Let us have a closer look at the relations of the different spaces we are dealing with in terms of their embeddings. We rely on the characterizations (19), (20), and (21) collected in Theorem 9. Furthermore, one can show in the same way that a function f with (18) belongs to the Hölder-Zygmund space \(B^{1/2}_{\infty ,\infty }(I)\) if, and only if,

$$\begin{aligned} \sup _{j\in \mathbb {N}_0}\sup _{m=0,\ldots ,2^{j}-1}|\lambda _{j,m}|<\infty . \end{aligned}$$

(28)

One can use (28) to recover the well known fact that the Wiener paths almost surely do not belong to \(B^{1/2}_{\infty ,\infty }(I).\) Indeed, the supremum of \(2^j\) independent standard Gaussian variables grows asymptotically as \(\sqrt{j}\), cf. also Lemma 27(ii), which violates (28). Furthermore, (20), (21), and (28) show that

$$\begin{aligned} B^{1/2}_{\infty ,\infty }(I)\hookrightarrow B^{1/2}_{{\Phi _2},\infty }(I)\hookrightarrow B^{1/2}_{p,\infty }(I). \end{aligned}$$

To compare the spaces \(B^{1/2}_{{\Phi _2},\infty }(I)\) and \(B^{1/2,1/2}_{\infty ,\infty }(I)\) we estimate for every \(j\in \mathbb {N}\)

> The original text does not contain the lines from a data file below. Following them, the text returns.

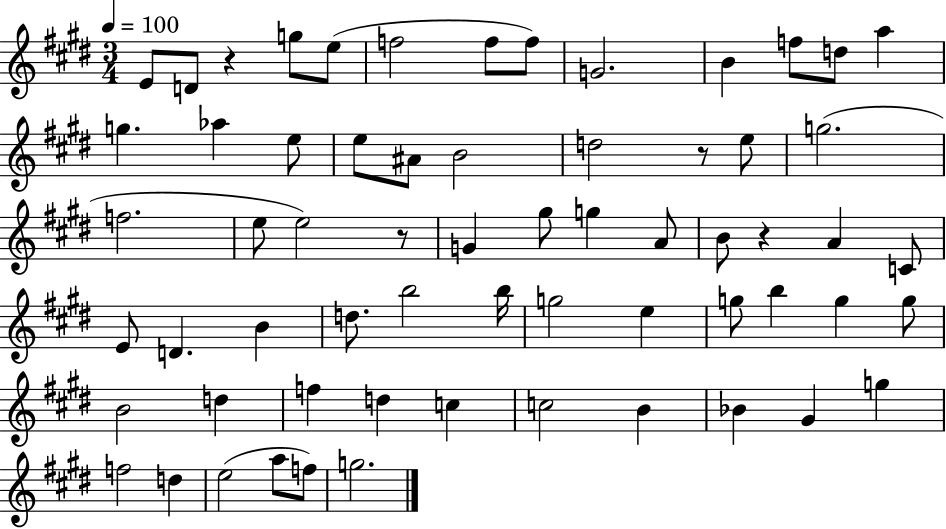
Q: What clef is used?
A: treble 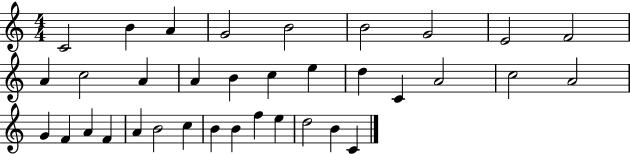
X:1
T:Untitled
M:4/4
L:1/4
K:C
C2 B A G2 B2 B2 G2 E2 F2 A c2 A A B c e d C A2 c2 A2 G F A F A B2 c B B f e d2 B C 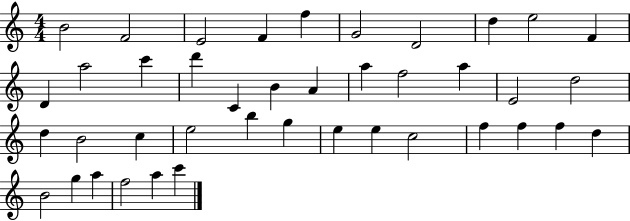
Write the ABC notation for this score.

X:1
T:Untitled
M:4/4
L:1/4
K:C
B2 F2 E2 F f G2 D2 d e2 F D a2 c' d' C B A a f2 a E2 d2 d B2 c e2 b g e e c2 f f f d B2 g a f2 a c' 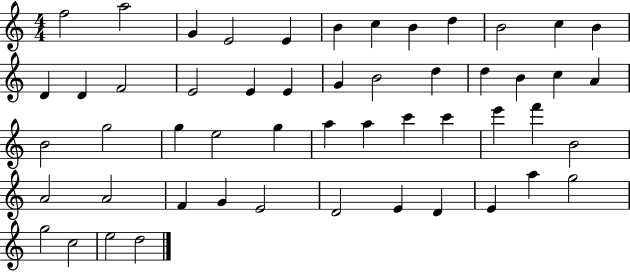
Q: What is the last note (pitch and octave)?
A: D5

$$\begin{aligned} \frac{1}{\sqrt{j}}\cdot \sup _{m=0,\ldots ,2^{j}-1}|\lambda _{j,m}|&=\frac{1}{\sqrt{j}}\cdot \Vert \lambda _{j,\cdot }\Vert _\infty \le \frac{1}{\sqrt{j}}\cdot \Vert \lambda _{j,\cdot }\Vert _{j}= \frac{2}{\sqrt{j}}\,\Bigl (\sum _{m=0}^{2^j-1}2^{-j}|\lambda _{j,m}|^j\Bigr )^{1/j}\\&\le 2\sup _{p\ge 1}\frac{1}{\sqrt{p}}\,\Bigl (\sum _{m=0}^{2^j-1}2^{-j}|\lambda _{j,m}|^p\Bigr )^{1/p}. \end{aligned}$$

Therefore, \(B^{1/2}_{{\Phi _2},\infty }(I) \hookrightarrow B^{1/2,1/2}_{\infty ,\infty }(I)\) and the result of Ciesielski is an improvement over the result of P. Lévy, providing a strictly smaller space, which contains almost all Wiener paths.

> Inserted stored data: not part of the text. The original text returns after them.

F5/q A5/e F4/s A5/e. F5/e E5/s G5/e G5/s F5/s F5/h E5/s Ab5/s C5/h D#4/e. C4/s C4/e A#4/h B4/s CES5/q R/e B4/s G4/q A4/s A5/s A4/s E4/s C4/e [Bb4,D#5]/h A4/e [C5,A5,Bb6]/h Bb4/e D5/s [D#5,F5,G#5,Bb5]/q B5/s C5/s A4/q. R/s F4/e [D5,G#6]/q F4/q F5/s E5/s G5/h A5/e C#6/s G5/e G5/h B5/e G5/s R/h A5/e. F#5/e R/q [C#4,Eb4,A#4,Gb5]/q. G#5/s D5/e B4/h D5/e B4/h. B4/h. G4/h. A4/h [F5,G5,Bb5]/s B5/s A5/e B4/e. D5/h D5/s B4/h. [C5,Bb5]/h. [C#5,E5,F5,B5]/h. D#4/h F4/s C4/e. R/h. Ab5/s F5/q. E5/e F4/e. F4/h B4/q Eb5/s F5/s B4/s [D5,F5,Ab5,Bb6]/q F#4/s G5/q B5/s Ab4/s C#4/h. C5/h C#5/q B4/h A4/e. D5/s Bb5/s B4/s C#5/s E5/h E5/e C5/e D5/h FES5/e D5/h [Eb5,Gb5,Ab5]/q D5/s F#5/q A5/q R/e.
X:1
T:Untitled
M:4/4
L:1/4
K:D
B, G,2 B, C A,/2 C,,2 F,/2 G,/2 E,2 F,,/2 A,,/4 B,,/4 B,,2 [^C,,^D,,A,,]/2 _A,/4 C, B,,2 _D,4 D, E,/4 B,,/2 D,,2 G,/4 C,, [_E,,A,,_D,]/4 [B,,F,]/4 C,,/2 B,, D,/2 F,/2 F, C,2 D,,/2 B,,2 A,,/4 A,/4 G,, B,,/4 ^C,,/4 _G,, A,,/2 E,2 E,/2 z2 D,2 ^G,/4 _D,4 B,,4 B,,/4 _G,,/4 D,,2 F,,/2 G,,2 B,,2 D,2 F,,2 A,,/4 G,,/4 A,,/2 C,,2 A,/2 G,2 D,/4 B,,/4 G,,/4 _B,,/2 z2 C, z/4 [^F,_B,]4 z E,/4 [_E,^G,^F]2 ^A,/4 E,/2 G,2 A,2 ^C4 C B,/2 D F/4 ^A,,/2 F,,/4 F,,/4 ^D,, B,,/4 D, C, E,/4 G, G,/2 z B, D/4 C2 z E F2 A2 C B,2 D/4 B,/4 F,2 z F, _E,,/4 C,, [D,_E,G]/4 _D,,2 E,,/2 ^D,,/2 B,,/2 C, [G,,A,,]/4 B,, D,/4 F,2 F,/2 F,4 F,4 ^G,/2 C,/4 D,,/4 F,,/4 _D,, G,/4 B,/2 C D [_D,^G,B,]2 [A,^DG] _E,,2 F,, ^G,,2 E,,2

Finally, let us note that \(B^{1/2,1/2}_{\infty ,\infty }(I)\) and \(B^{1/2}_{p,\infty }(I)\) with \(1\le p<\infty \) are incomparable. This can again be easily seen by looking at the sequence space characterization (19) and (20). First, the special sequence \(\lambda ^{(1)}_{j,m}=\sqrt{j}\) for all \(j\in \mathbb {N}\) and all \(m=0,\dotsc ,2^j-1\) belongs to \(B^{1/2,1/2}_{\infty ,\infty }(I)\) and not to \(B^{1/2}_{p,\infty }(I)\) for any \(1\le p<\infty \). Second, the sequence

$$\begin{aligned} \lambda ^{(2)}_{j,m}={\left\{ \begin{array}{ll} j, \quad &{}\text {for}\ j\in \mathbb {N}\ \text {and}\ m=0,\\ 0, \quad &{}\text {for}\ j\in \mathbb {N}\ \text {and}\ m\ge 1 \end{array}\right. } \end{aligned}$$

belongs to \(B^{1/2}_{p,\infty }(I)\) for all \(1\le p<\infty \) but not to \(B^{1/2,1/2}_{\infty ,\infty }(I)\).

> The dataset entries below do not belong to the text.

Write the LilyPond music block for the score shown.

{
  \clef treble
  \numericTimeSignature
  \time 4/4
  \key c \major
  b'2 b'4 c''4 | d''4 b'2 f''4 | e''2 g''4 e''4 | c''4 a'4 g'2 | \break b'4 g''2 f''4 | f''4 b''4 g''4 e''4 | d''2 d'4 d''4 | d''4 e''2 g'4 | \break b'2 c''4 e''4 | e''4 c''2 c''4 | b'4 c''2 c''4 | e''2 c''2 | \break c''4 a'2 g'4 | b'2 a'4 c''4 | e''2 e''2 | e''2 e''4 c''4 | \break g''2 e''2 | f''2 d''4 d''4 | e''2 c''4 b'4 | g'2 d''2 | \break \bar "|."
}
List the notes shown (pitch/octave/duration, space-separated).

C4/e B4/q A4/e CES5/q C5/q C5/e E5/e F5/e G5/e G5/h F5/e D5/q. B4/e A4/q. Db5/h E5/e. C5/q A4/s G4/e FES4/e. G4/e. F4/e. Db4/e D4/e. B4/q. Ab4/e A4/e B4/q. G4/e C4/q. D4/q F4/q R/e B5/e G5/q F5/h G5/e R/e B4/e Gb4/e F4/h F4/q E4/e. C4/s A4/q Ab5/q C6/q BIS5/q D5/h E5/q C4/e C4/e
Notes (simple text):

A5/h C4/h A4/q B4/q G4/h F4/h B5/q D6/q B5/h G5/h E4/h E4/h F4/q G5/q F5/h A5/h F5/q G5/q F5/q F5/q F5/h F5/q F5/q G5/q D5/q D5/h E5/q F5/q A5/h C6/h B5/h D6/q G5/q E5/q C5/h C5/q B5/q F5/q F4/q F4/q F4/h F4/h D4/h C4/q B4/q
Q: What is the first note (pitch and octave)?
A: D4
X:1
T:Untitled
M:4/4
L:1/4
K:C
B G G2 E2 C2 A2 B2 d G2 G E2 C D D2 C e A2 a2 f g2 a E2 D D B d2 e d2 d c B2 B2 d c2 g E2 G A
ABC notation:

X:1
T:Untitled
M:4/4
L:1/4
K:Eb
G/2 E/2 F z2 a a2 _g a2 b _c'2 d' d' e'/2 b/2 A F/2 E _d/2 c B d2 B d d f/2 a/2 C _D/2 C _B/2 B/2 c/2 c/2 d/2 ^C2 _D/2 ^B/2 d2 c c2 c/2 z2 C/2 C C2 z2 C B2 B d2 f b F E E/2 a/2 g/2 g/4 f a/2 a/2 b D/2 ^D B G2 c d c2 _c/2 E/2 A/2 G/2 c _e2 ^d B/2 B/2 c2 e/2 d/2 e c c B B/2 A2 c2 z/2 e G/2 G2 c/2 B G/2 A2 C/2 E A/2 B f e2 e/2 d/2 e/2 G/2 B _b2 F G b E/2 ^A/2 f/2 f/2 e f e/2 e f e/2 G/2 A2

2.4 An Alternative Proof for the Besov-Orlicz Space \(B^{1/2}_{\Phi _2,\infty }(I)\)

We use the characterization given in Theorem 31 to re-prove the result of Ciesielski [9], i.e., to show that the Wiener paths almost surely lie in the Besov-Orlicz space \(B^{1/2}_{\Phi _2,\infty }(I)\). Comparing (8) with (18) we observe, that it is enough to show that

$$\begin{aligned} \left\| \xi |b_{\Phi _2,\infty }^+(I)\right\| =\sup _{j\in \mathbb {N}_0}\left\| \sum _{m=0}^{2^j-1}\xi _{j,m}\chi _{j,m}(\cdot )\right\| _{\Phi _2}<\infty \end{aligned}$$

almost surely. Here, \(\xi =\{\xi _{j,m},j\in \mathbb {N}_0,0\le m\le 2^j-1\}\) is again a sequence of i.i.d. standard Gaussian variables and \(\chi _{j,m}\) denotes the characteristic function of the interval \(I_{j,m}\).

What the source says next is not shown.